J’ai apprécié le traitement par l’autrice du temps et de sa manipulation. Cela m’a un peu fait penser à L’une rêve, l’autre pas de Nancy Kress. Gagner du temps, courir contre le temps, perdre son temps : autant d’expressions traitées dans ce court roman. C’est percutant, d’autant plus avec la plume incisive, brève et tranchante bien reconnaissable de l’autrice. Le roman se lit vite, et l’écriture nous immerge parfaitement dans le récit et cette problématique autour du temps. J’ai aimé que l’autrice aille plus loin que le fait de gagner contre le temps, en inventant des univers parallèles qui fonctionnent comme des vases communicants. Elle imagine aussi toutes les répercussions sociales, économiques, culturelles de ce « jeu » (choisi ou subi) avec le temps sur les sociétés. En revanche, je suis moins conquise par la fin, qui m’a semblé assez perchée, et j’ai perdu le fil.

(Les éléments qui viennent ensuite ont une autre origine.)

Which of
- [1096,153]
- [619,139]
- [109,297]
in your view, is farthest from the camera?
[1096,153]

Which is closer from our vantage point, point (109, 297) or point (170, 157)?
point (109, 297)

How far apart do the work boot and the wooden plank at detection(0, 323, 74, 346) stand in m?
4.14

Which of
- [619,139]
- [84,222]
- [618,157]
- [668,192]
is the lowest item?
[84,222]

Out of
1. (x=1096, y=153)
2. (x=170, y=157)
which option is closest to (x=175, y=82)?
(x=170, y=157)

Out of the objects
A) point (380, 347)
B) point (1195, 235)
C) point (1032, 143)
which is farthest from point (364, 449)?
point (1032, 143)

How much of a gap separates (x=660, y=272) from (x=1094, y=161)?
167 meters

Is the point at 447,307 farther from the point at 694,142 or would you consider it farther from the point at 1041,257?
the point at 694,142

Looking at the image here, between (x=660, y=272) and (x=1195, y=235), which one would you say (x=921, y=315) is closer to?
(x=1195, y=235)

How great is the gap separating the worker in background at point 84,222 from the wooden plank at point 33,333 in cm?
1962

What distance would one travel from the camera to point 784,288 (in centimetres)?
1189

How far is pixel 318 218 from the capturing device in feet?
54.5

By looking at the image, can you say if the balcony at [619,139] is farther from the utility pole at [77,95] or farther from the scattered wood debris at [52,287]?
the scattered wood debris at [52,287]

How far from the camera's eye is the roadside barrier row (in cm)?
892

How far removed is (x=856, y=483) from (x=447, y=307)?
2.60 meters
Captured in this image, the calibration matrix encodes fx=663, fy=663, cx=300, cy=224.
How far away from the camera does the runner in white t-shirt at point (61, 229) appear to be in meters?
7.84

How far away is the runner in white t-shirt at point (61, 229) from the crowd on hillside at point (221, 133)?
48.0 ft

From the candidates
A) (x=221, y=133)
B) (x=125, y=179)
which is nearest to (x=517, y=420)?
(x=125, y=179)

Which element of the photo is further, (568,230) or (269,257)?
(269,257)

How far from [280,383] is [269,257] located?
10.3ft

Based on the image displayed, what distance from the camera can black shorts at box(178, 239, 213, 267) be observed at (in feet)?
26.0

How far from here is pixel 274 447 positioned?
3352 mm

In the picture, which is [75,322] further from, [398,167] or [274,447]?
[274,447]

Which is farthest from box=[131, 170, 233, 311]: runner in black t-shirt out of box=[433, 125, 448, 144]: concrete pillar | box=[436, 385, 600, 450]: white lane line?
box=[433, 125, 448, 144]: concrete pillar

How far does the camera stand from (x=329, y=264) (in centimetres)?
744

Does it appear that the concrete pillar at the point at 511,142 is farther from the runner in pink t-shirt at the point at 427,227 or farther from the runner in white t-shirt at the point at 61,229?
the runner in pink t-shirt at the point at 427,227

En revanche, j’ai eu un souci majeur avec ce texte : le personnage principal, Olgann. C’est un connard pervers. Alors OK encore, « oui c’est le perso qui est comme ça donc forcément ses pensées sont à son image patati patata ». Oui, oui, d’accord. Mais je le répète : les personnages pourris jusqu’à la moëlle, c’est bon, j’ai eu ma dose.
Donc qui dit connard pervers, dit male gaze de beauf épisode 568157135415, et puis scènes (dispensables à mon sens) d’agressions sexuelles et de viols. Une fois dès le début, puis deux fois, trois fois… C’est lourd.

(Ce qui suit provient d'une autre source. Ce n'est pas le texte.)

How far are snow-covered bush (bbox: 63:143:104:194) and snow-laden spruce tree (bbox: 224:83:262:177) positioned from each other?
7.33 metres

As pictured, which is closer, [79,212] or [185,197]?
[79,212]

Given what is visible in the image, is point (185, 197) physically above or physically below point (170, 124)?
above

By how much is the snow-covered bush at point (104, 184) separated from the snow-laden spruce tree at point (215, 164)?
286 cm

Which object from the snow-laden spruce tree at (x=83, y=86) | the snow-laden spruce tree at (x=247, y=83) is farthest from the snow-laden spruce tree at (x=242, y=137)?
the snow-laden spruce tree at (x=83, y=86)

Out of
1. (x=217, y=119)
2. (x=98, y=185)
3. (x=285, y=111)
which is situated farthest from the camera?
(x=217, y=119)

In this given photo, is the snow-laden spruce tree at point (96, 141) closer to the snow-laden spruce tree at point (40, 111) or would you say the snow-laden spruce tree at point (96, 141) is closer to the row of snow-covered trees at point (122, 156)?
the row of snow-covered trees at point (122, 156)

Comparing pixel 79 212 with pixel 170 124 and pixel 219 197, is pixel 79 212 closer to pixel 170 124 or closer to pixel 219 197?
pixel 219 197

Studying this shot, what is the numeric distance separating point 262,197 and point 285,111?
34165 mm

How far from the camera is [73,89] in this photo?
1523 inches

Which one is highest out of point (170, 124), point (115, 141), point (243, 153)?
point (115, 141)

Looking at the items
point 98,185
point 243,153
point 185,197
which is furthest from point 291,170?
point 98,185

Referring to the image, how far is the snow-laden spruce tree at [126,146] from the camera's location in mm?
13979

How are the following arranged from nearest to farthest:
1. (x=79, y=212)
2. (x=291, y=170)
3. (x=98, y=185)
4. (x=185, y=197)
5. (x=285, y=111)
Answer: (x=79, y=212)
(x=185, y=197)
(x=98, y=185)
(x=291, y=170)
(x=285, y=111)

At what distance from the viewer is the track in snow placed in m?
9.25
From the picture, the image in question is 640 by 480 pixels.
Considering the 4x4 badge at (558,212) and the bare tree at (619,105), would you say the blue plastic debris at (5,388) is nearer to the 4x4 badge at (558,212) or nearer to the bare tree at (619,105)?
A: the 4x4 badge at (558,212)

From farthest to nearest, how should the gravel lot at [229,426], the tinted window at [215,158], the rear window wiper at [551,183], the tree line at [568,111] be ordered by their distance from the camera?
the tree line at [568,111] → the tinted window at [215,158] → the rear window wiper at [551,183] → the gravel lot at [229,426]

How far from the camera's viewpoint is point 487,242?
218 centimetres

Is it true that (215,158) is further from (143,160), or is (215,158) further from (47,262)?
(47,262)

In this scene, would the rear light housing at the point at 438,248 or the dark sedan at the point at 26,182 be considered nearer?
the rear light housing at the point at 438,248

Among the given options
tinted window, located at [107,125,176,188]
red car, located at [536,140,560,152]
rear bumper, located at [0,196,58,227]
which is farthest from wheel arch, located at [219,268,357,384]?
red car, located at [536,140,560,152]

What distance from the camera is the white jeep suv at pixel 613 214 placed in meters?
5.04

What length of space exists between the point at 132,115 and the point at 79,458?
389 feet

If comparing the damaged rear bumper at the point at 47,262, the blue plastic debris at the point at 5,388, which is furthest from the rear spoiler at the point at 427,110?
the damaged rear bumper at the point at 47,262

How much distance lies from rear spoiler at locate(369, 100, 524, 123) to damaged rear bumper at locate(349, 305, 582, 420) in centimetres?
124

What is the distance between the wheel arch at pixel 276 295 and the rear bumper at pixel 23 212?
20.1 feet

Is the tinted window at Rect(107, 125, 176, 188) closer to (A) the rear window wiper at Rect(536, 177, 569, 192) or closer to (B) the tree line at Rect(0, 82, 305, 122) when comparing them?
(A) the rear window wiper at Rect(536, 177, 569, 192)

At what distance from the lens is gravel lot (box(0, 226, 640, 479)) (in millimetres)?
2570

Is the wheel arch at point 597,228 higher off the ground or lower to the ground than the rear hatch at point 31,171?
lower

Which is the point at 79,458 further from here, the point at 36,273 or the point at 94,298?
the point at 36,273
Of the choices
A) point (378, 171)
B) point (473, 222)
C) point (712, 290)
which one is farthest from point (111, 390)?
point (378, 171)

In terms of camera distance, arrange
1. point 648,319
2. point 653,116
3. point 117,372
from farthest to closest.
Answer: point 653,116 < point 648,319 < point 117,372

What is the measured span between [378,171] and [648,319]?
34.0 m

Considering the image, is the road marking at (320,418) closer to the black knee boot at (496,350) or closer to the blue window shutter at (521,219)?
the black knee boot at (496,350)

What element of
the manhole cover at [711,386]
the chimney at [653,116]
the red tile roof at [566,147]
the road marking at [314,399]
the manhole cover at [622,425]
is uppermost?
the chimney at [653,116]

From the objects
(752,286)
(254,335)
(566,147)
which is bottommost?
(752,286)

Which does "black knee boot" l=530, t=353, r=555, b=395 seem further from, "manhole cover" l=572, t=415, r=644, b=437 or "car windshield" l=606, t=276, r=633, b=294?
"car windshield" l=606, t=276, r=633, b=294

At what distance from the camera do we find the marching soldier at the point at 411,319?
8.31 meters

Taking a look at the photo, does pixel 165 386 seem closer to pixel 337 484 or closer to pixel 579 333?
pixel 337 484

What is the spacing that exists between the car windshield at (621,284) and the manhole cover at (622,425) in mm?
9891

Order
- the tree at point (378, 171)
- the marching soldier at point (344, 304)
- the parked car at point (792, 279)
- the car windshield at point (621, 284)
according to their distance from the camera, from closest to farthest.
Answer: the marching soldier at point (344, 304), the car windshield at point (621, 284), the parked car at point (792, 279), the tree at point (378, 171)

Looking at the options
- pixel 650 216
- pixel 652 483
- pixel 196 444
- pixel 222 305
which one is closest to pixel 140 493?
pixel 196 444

L’ennui ici, c’est que le récit n’aurait pas changé de sens si le personnage n’avait pas été un agresseur sexuel. Donc j’ai eu le sentiment d’une gratuité franchement pas agréable du tout, d’une « normalité » qui m’a profondément agacée. J’imagine bien que le but recherché était de dénoncer ce comportement et cette apparente normalité, évidemment. Mais j’ai trouvé cela plutôt maladroit. Je peux donc difficilement dire que j’ai passé du bon temps en lisant ce roman, malgré l’intelligence du traitement des thématiques convoquées…
Comme vous le voyez, la pioche n’a pas été folichonne pour cet avis flash #21. Erreurs de casting de ma part, beaucoup moins de patience et de compréhension face à des schémas récurrents qui me saoulent, inadéquation avec mes attentes du moment… Cela arrive, et c’est pas grave. J’ai fait des heureux et des heureuses en déposant ces titres dans la boîte à livres de ma ville. J’aurai davantage de plaisir à vous parler la semaine prochaine de ma lecture du Problème à trois corps, d’autant que ça a été une véritable aventure ^^
C’est toujours « marrant » de voir comment on peut vivre des livres différemment. « Ormeshadow » est sûrement mon deuxième UHL préféré, juste derrière « Un Pont sur la brume ». Mais c’est sûr que pour une lecture légère, c’est raté. 😅
En fait, il n’est pas mauvais du tout et franchement je l’ai trouvé solide sur pas mal de plans, et si je l’avais lu à un autre moment et avec d’autres envies je l’aurais davantage apprécié à sa juste valeur. Je n’ai pas lu Un pont sur la brume, tiens ! Ca a l’air super, comment ça se fait que je n’ai pas lu ce bouquin encore ? Merci de l’avoir mentionné ici 🙂
Bon ben je vais plussoyer Baroona, j’ai également adoré Ormeshadow et Un pont sur la brume dans les UHL ! Helstrid, ma mémoire l’a effacé, et je ne connais pas le dernier. Mais il est vrai qu’en général les couvertures de Rivière blanche ont un côté un peu dépassés pour moi.
Très datées, oui 😀 je ne nie pas du tout la qualité d’Ormeshadow, j’ai en revanche été surprise par ce texte, je ne m’attendais pas à ça et pas dans la collection UHL, à vrai dire… Bon, ça fait 2 pour le pont sur la brume, d’accord d’accord, je vais me le prendre 🙂
Les schémas récurrents sur les personnages masculins… que je te comprends. Les créer pour dénoncer ou leur faire comprendre à un moment donné que leurs comportements sont malsains d’accord. Mais je commence aussi à en avoir marre de ça.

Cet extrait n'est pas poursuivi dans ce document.